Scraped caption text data
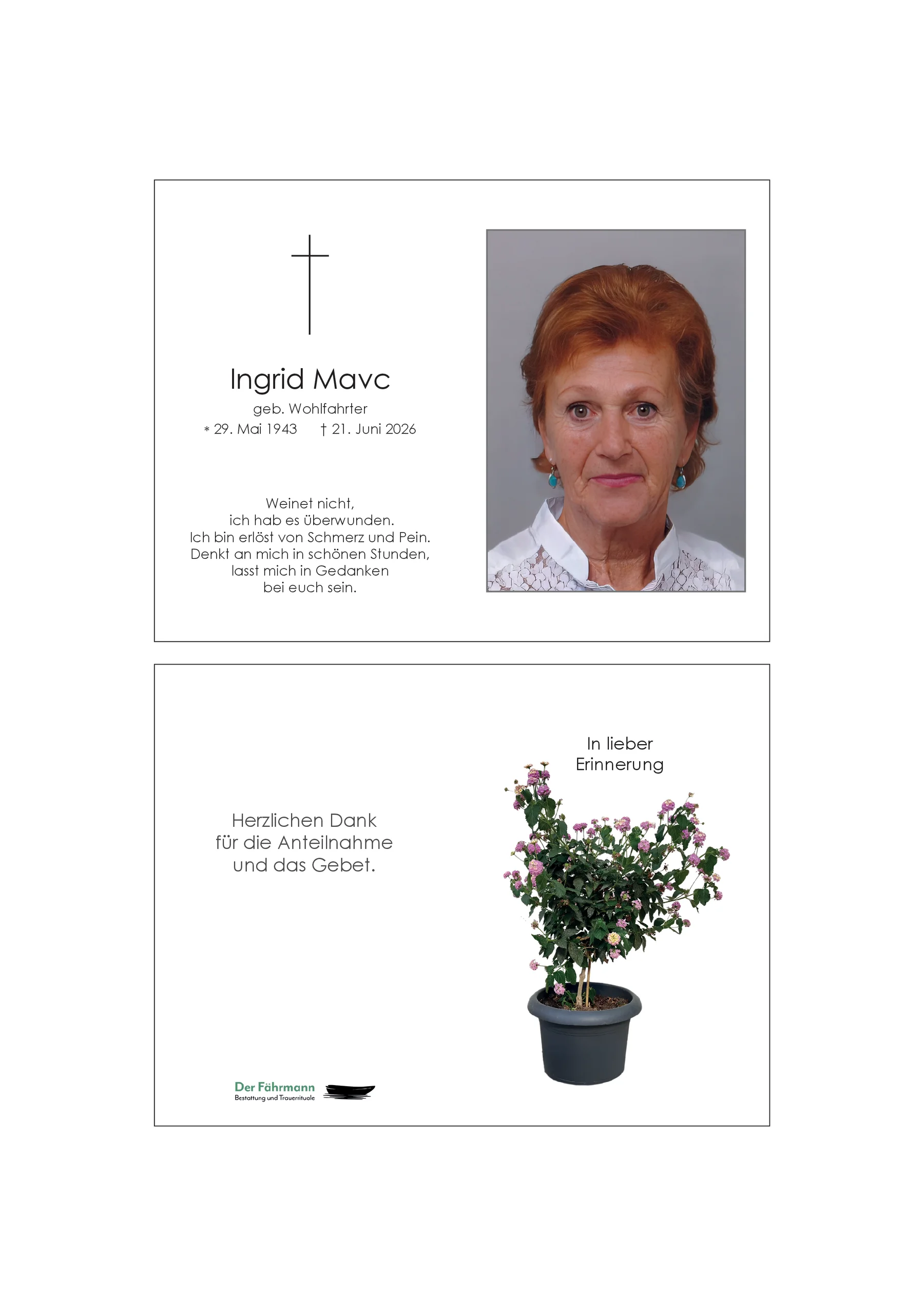 Sterbebild Ingrid Mavc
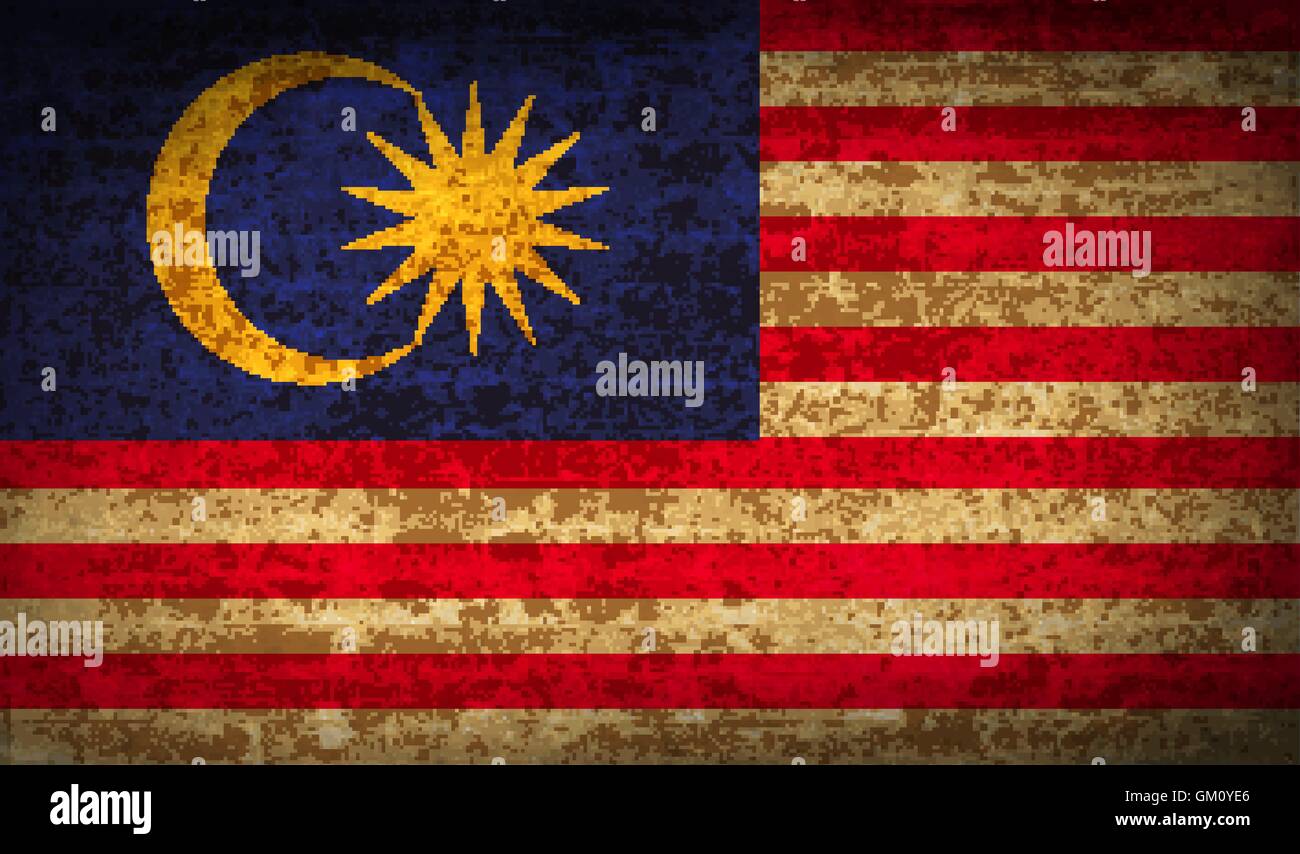 Malaysia kennzeichnet mit schmutzigen Papierstruktur. Vektor Stock Vektor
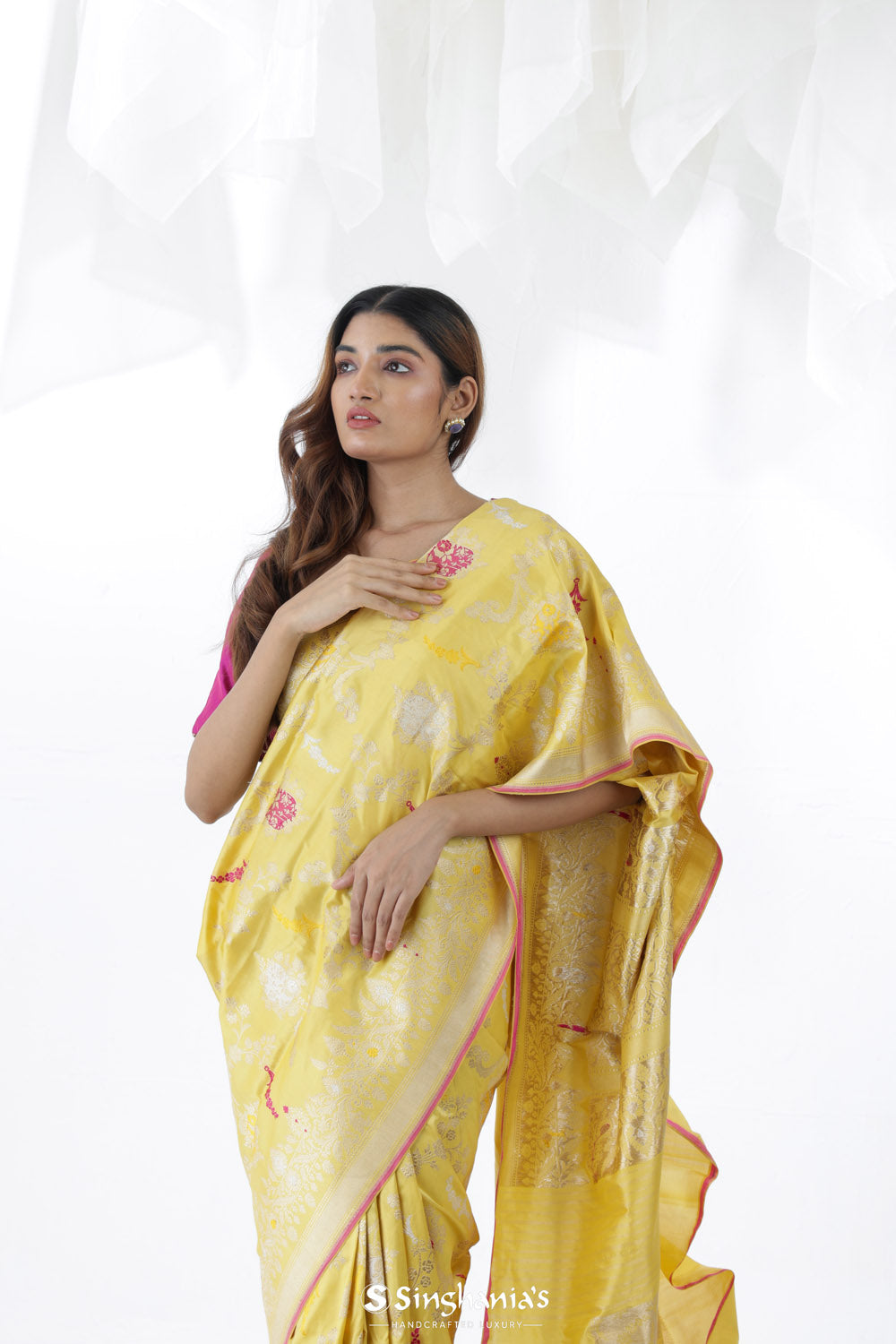 Flax Yellow Banarasi Silk Saree With Floral Design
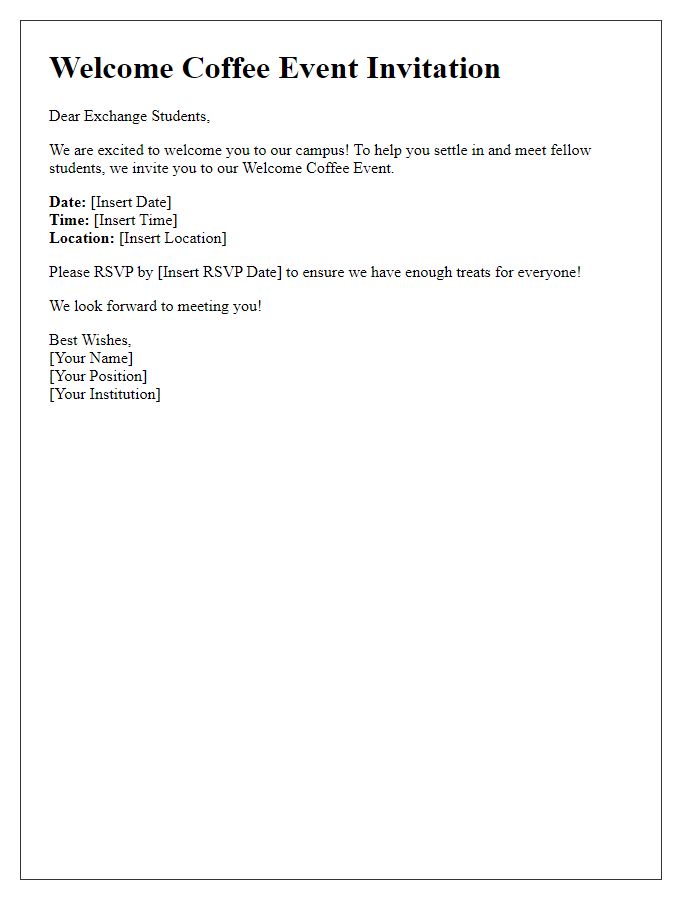 Letter template of welcome coffee event for exchange students.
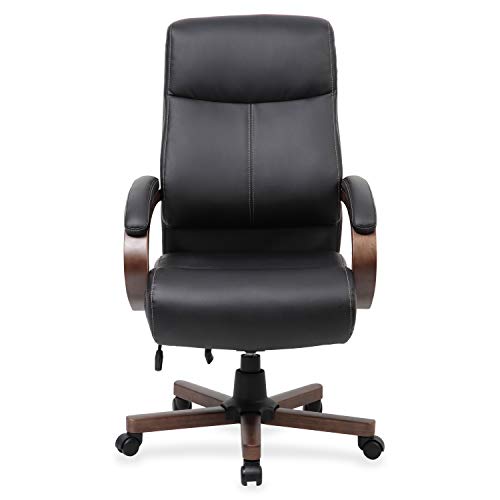 Lorell 69533 Executive Chair, 47" x 27" x 31", Black, Walnut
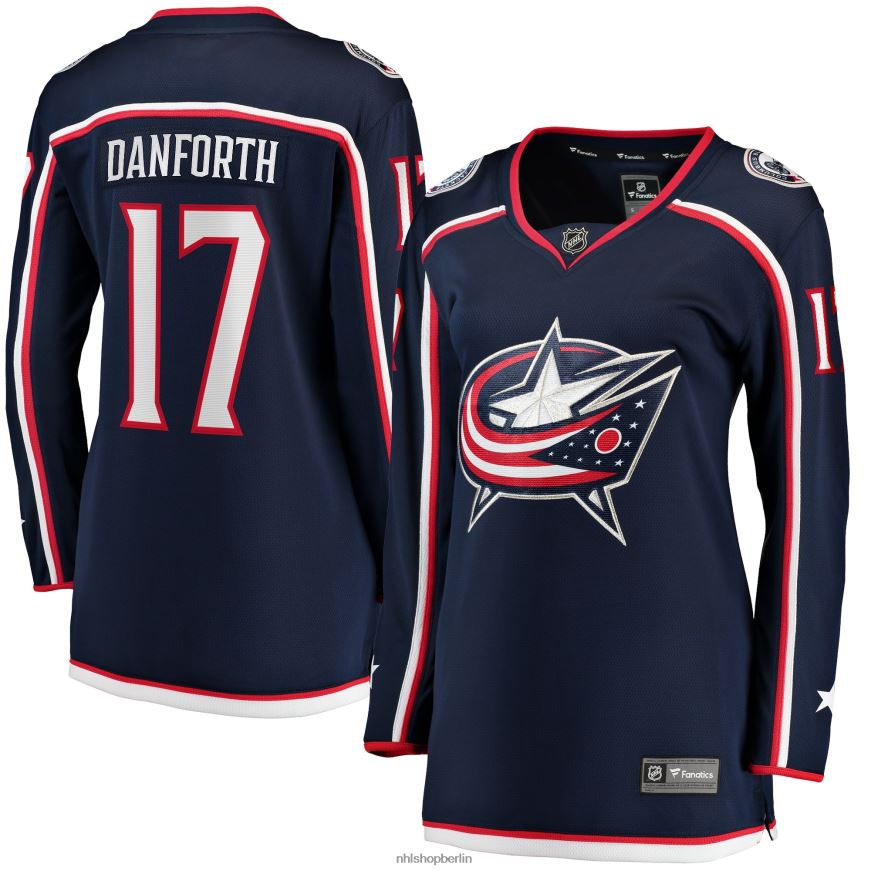 Frauen NHL Columbia Blue Jackets Justin Danforth Fanatics-Heimtrikot für Abtrünnige in Marineblau Kleidung BF680T2187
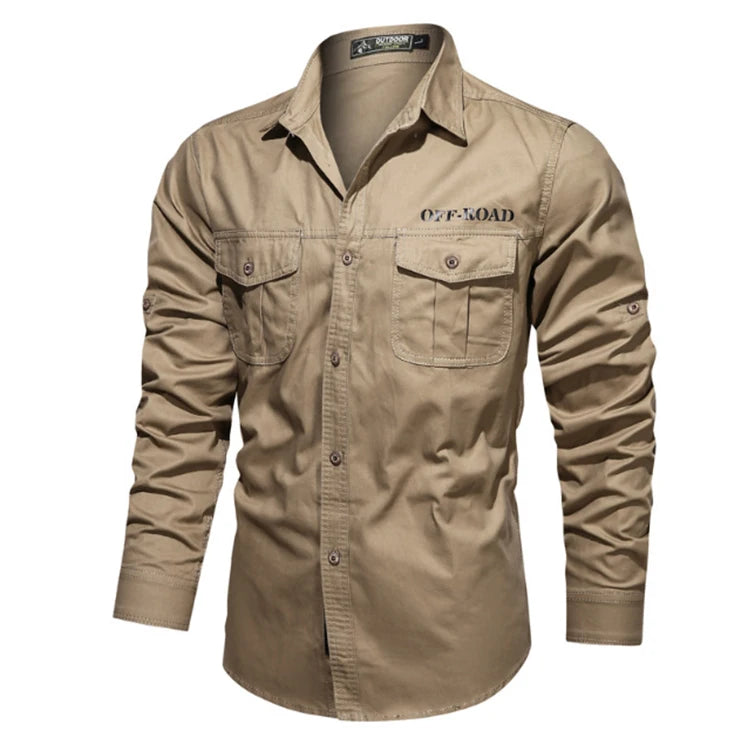 High Quality Men's 100% Cotton Cargo Shirts Customizable Breathable Anti-Wrinkle Eco-Friendly Korean Edition for Work Leisure
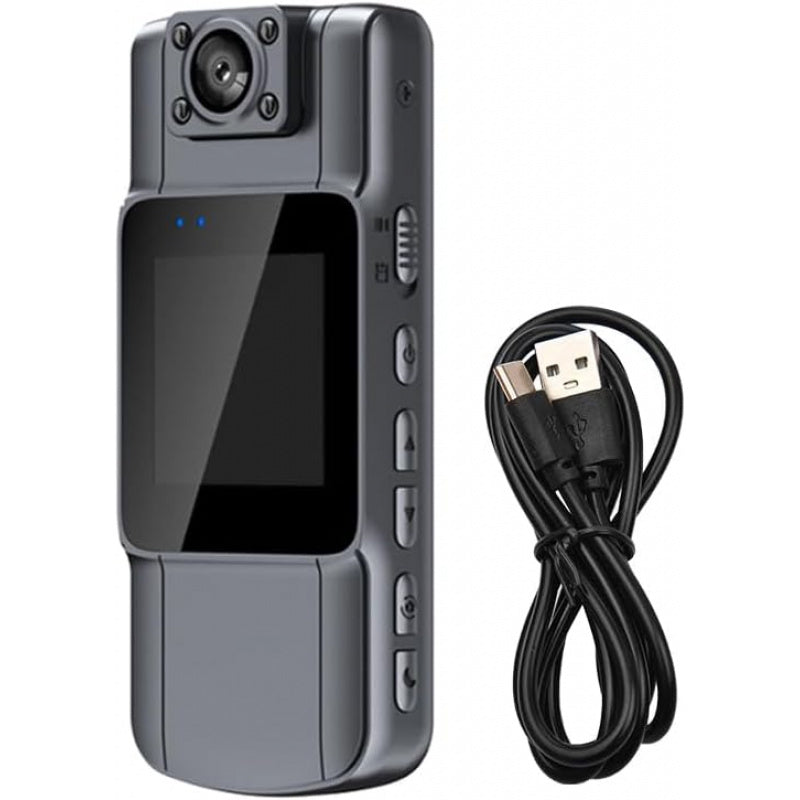 4K Body Camera with Audio/Video Recording, 150° & 180° Rotatable, Night Vision, Motion Detection, 1.54” TFT Screen, 7-Hour Battery, SD Card Compatible for Surveillance, Dash Cam (MP4 Recording)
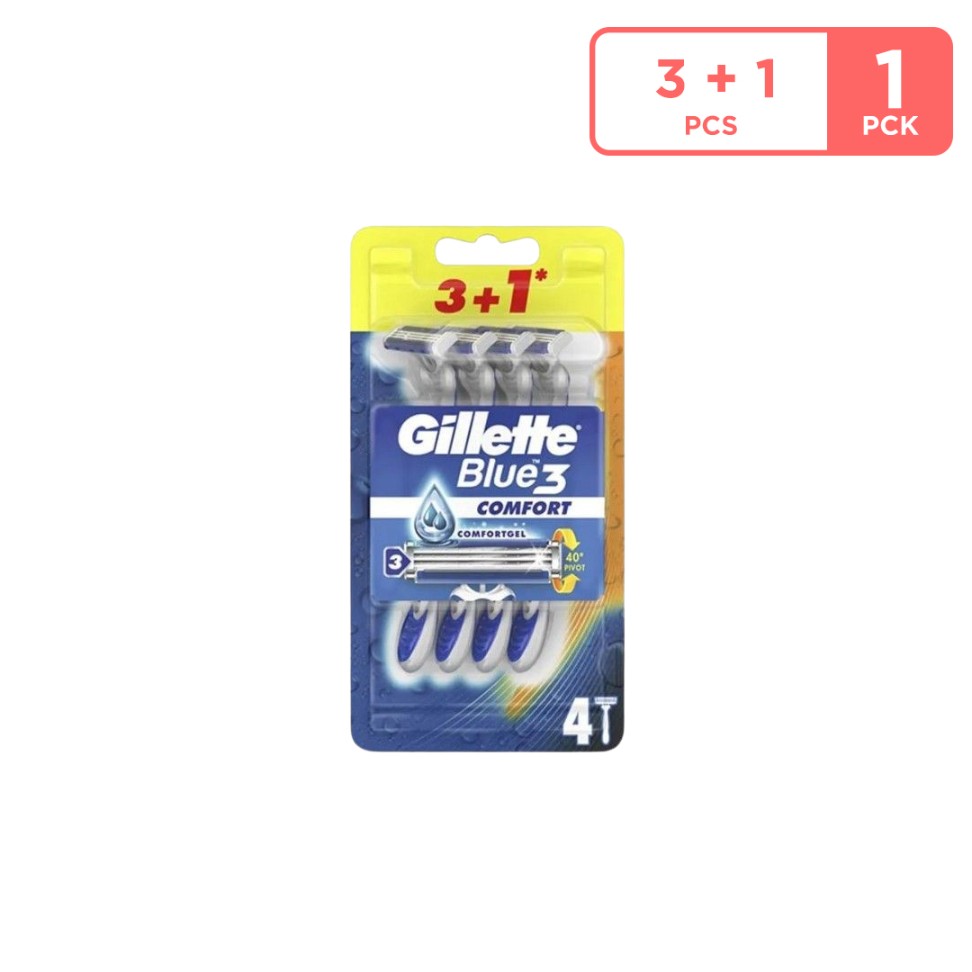 Gillette Blue 3 Comfort Razors For Men 4 Pieces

**Work to complete**. Leave out the pictures, and write out exactly the lines from the line containing "4K Body Camera" through the end of the records above.

**Exercise response**.
 4K Body Camera with Audio/Video Recording, 150° & 180° Rotatable, Night Vision, Motion Detection, 1.54” TFT Screen, 7-Hour Battery, SD Card Compatible for Surveillance, Dash Cam (MP4 Recording)
 Gillette Blue 3 Comfort Razors For Men 4 Pieces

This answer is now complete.